Dans un premier temps, la banque Lehman va être dépouillée : actifs vendus au rabais. Tous ceux ayant des créances ou ayant confié des portefeuilles seront aspirés dans les abîmes. Suivra ensuite le plus gros de l’affaire, que les grands artificiers de la planète essaye de désamorcer à coût d’argent public. Il s’ agit des engagements de Lehman sur les dérivés et notamment les CDS (assurance anti-faillite). Ici on ne rigole plus, car ce sont les grandes banques, voire les compagnies d’assurances (1), qui vont se trouver aspirées par le goufre financier des CDS.

Visiblement, le sauvetage de Bear Stearns avait pour toile de fond les milliards de dollars que Golman Sachs aurait dû débourser pour honorer les CDS si la banque n’ avait pas été reprise par l’Etat.

« Le 2 avril, Ben Bernanke, le président de la Fed [la banque fédérale des Etats-Unis], déclarait dans une allocution devant le Congrès : "La faillite soudaine de Bear Stearns aurait débouché sur un débouclage chaotique de positions sur ces marchés. Elle aurait aussi jeté la suspicion sur les positions financières de certaines parmi les milliers de contreparties de Bear Stearns." La faillite de Bear Stearns aurait forcé au débouclage de l’ensemble des CDS dont elle faisait l’objet, c’est-à-dire à la réconciliation des positions de l’ensemble des établissements qui s’étaient engagés dans de tels contrats, l’insolvabilité de l’un des vendeurs pouvant alors se répercuter sur toute la longueur de la chaîne. » (Source : CDS, le monstrueux contraire d’ une assurance, de Paul Jorion (2).)

Dès lors, d’autres clients vont sonner le tocsin. AIG est elle aussi truffée de CDS et la voilà elle aussi incapable de faire face à la situation. Alors l’Etat américain est venu renflouer la plus grande entreprise d’assurance du monde en mettant 85 milliards de dollars sur la table. Il fallait tout faire pour circonscrire l’Apocalypse financière en puissance.

Mais la manne financière de la FED, de la BCE... et des Etats allait s’ avérer insuffisante pour relancer la machine , alors que nous étions à la veille d’une nouvelle révélation : celle de la faiblesse du secteur de l’ assurance. Il aura fallu l’ intervention de sept banques centrales, qui en baissant de 50 points leurs taux directeurs, parviendront à maquiller les moins-values des sociétés d’ assurances.
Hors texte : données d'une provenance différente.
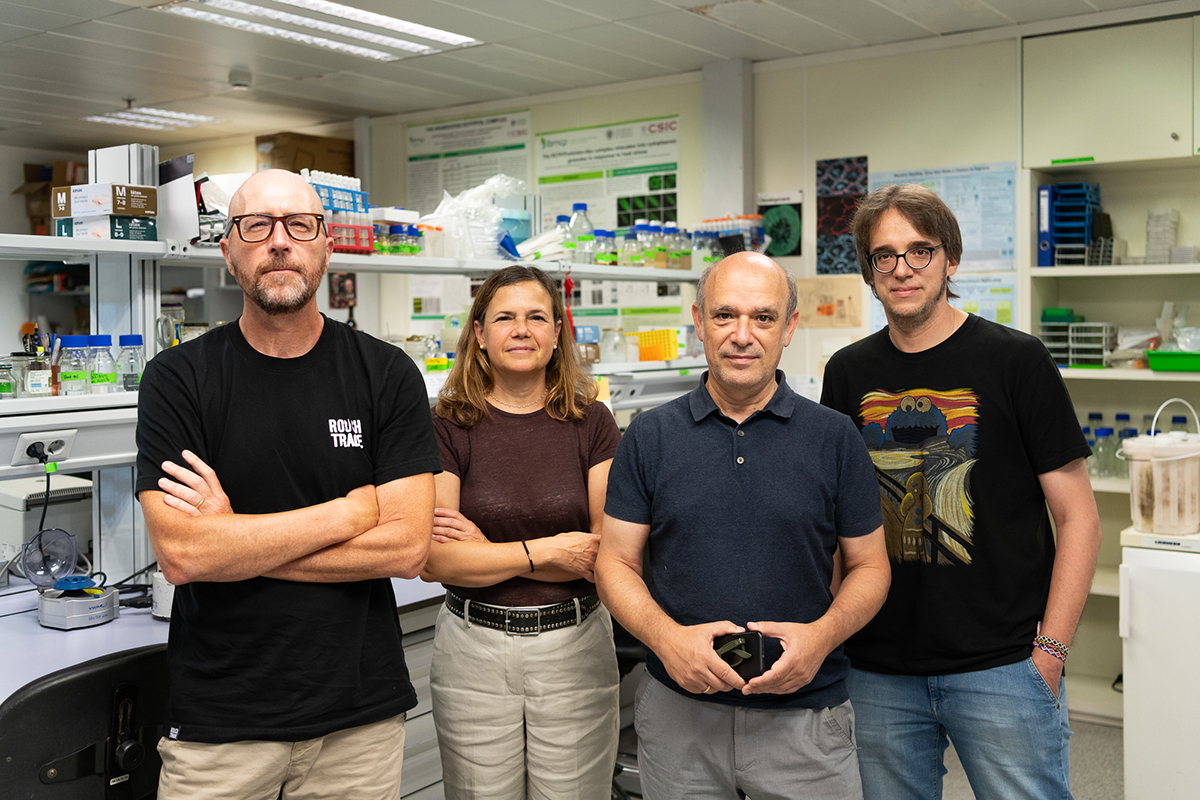 Asociación RUVID (@asociacionruvid) on Twitter photo 🌱 Las plantas dejan de crecer en sequía para proteger su ADN de mutaciones f.mtr.cool/vtlnroatxk
El trabajo desarrollado por el <a href="/IBMCP/">IBMCP - Instituto de Biología Molecular y Celular</a> abre la puerta a crear plantas más resistentes que no reduzcan su crecimiento en épocas de estrés hídrico. 🌱 Las plantas dejan de crecer en sequía para proteger su ADN de mutaciones f.mtr.cool/vtlnroatxk
El trabajo desarrollado por el <a href="/IBMCP/">IBMCP - Instituto de Biología Molecular y Celular</a> abre la puerta a crear plantas más resistentes que no reduzcan su crecimiento en épocas de estrés hídrico.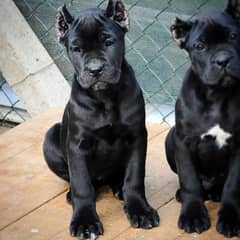 Cane corso puppies are available in Pakistan for sale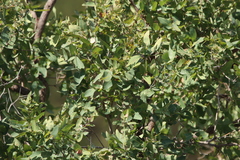 Angophora floribunda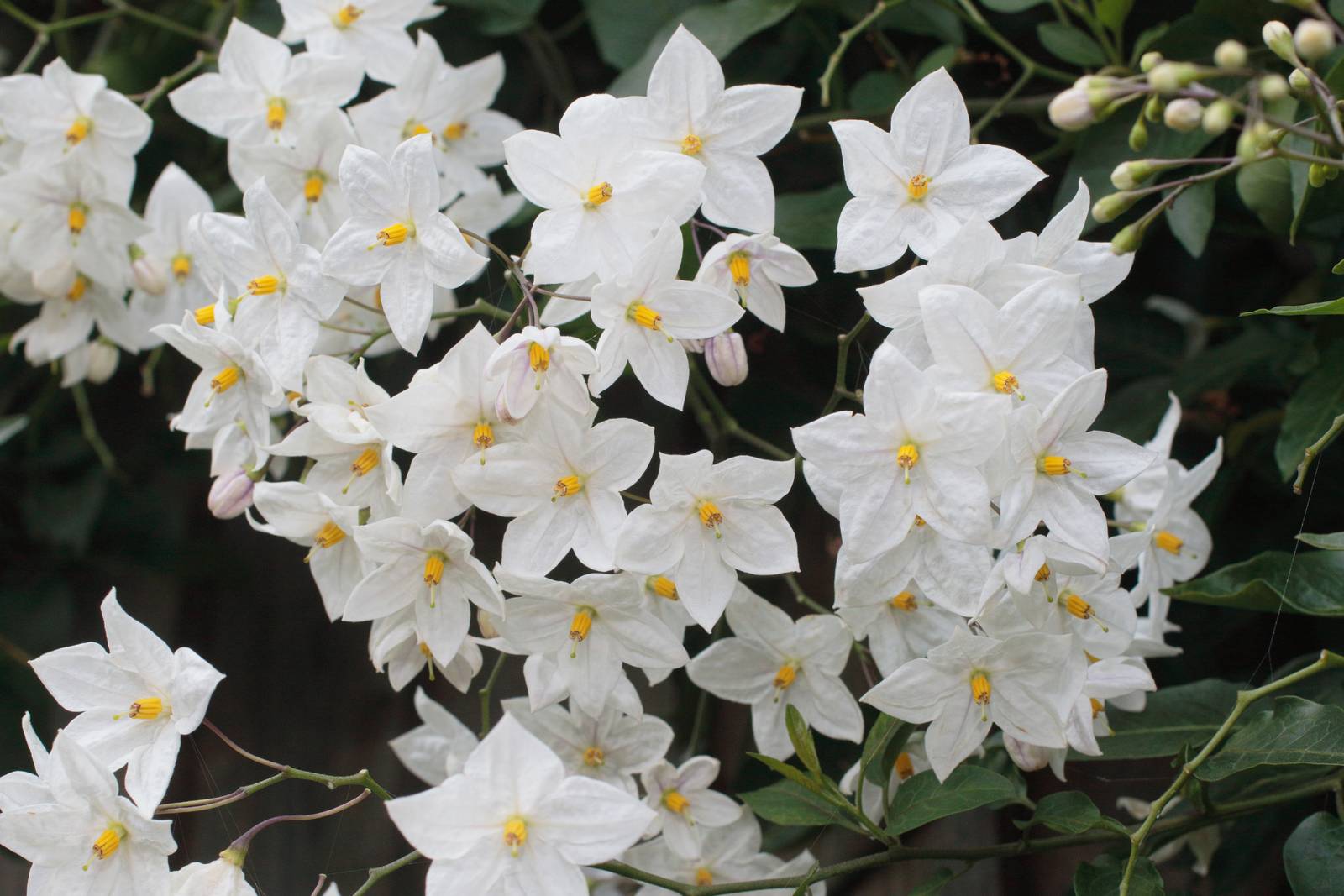 Come suggerisce il nome, i fiori bianchi di solanum jasminoides possono ricordare quelli del gelsomino, ma sono privi di profumo.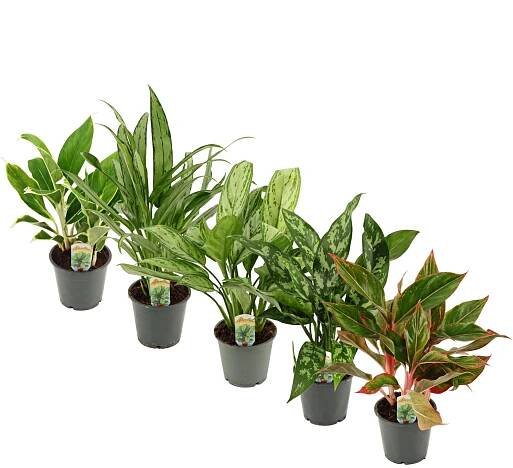 Aglaonema comutatum mix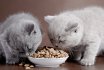 Μπορεί οι γάτες και οι γάτες δώσει το σκυλί ξηρά τροφή, οι γάτες ζωοτροφών και γάτες με το σκύλο κονσερβοποιημένα τρόφιμα; Ποια είναι η διαφορά μεταξύ των ζωοτροφών σκύλο από την τροφή της γάτας; Γάτα τρώει τα τρόφιμα σκυλιών: λόγοι τι συνέπειες μπορεί να είναι;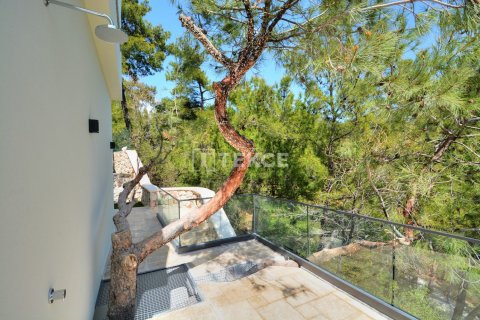 3 chambres Villa à Phuoc Tuy, Vietnam No. 88740 7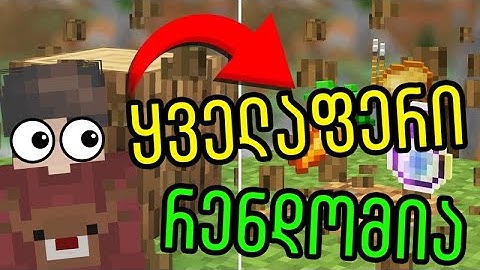 Minecraft მაგრამ ბლოკები მაძლევს რენდომ ნივთებს | Minecraft But Blocks Drop Random Items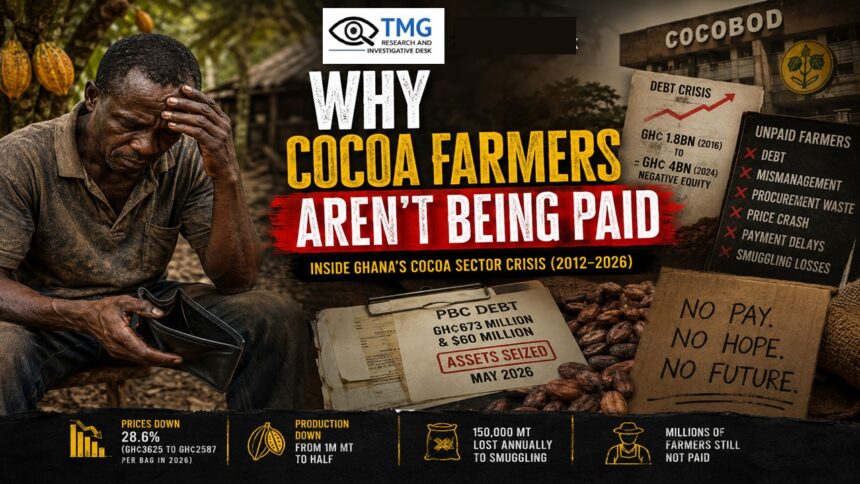 Cocoa Farmers not paid by TMG Research & Investigative Desk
Mais l’ ombre mortelle des CDS a déployé ses ailes au-dessus de la planète. Depuis le début du mois d’ octobre, le marché des CDS entre dans sa phase cruciale. Un grand nombre de contrats arrivent à échéance, la période des enchères vient de démarrer, et les premiers communiqués de presse sont des alertes. « Une vente aux enchères de contrats permettant de se couvrir contre le défaut de paiement de la banque d’affaires américaine Lehman Brothers a trouvé vendredi très peu d’acheteurs, selon les résultats préliminaires. Cette opération géante réglant la valeur finale de CDS ("credit default swaps"). » (AFP, dépêche du 10 octobre 2008.)
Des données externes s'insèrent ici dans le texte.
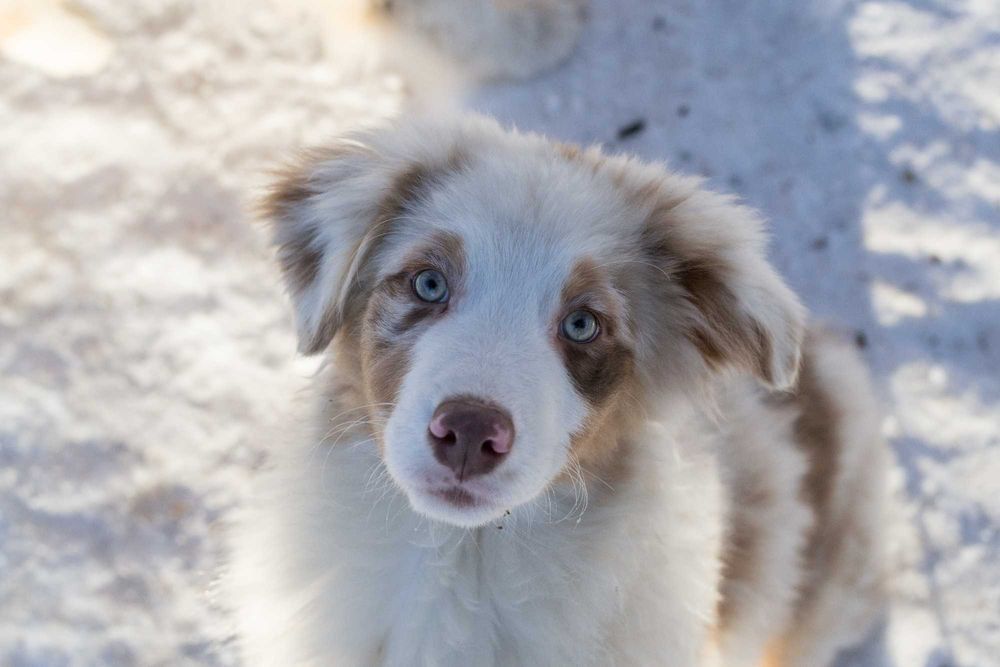 Owczarek Australijski FCI / ZKwP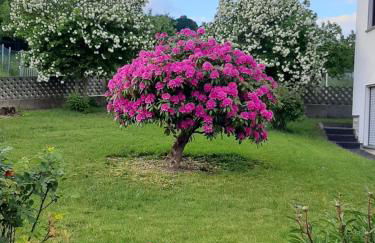 Ferienwohnung Fülbier - Foto 23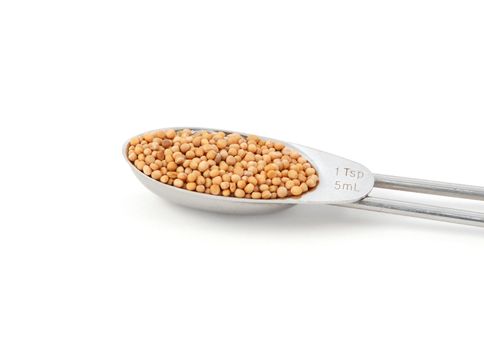 Whole mustard seeds measured in a metal teaspoon, isolated on a white background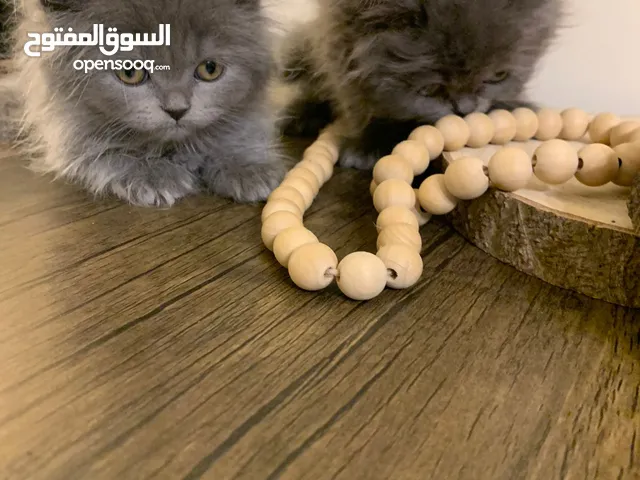 قط بيرشن و هميلايا و سكوتش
Il s’agit de la liquidation sous forme d’enchères des CDS de Lehmann Brothers. Selon le directeur général de l’ISDA (International Swaps and Derivatives Association), les paiements nets résultant de ces enchères devraient avoisiner 2% du montant global des contrats (400 milliards de dollars), soit 8 milliards de dollars.

Le couperet vient de tomber, et ce ne sont même pas les 8 milliards attendus qui vont déboucler les CDS (contrats d’échange de défaut) de Lehman Brothers, mais approximativement 6 milliards (Agefi du 15 octobre 2008). Les pertes, de 394 milliards de dollars, devront être partagées par les tenants actuels de ces CDS (l’équivalent du chiffre d’affaires d’Exxon Mobil). Et qui apparaîtront dans les bilans du troisième trimestre 2008, qui seront bientôt publiés. Pour le moment, le plan Paulson et l’ intervention des Etats de l’Union européenne, à hauteur de 1 700 milliards d’euros, agissent comme un écran de fumée dissimulant la situation réelle.

G. Bad

le 15 octobre 2008.

NOTES

1- Le vendredi 10 octobre 2008, les assureurs ont vu leurs titres céder plus de 10 %. Par exemple, Axa doit verser 50 000 euros de plus pour assurer 10 millions d’ euros de dette.

2- Un « article presslib’ » est libre de reproduction en tout ou en partie à condition que le présent alinéa soit reproduit à sa suite. Paul Jorion est un « journaliste presslib’ », qui vit exclusivement de ses droits d’auteurs et des contributions de ses lecteurs.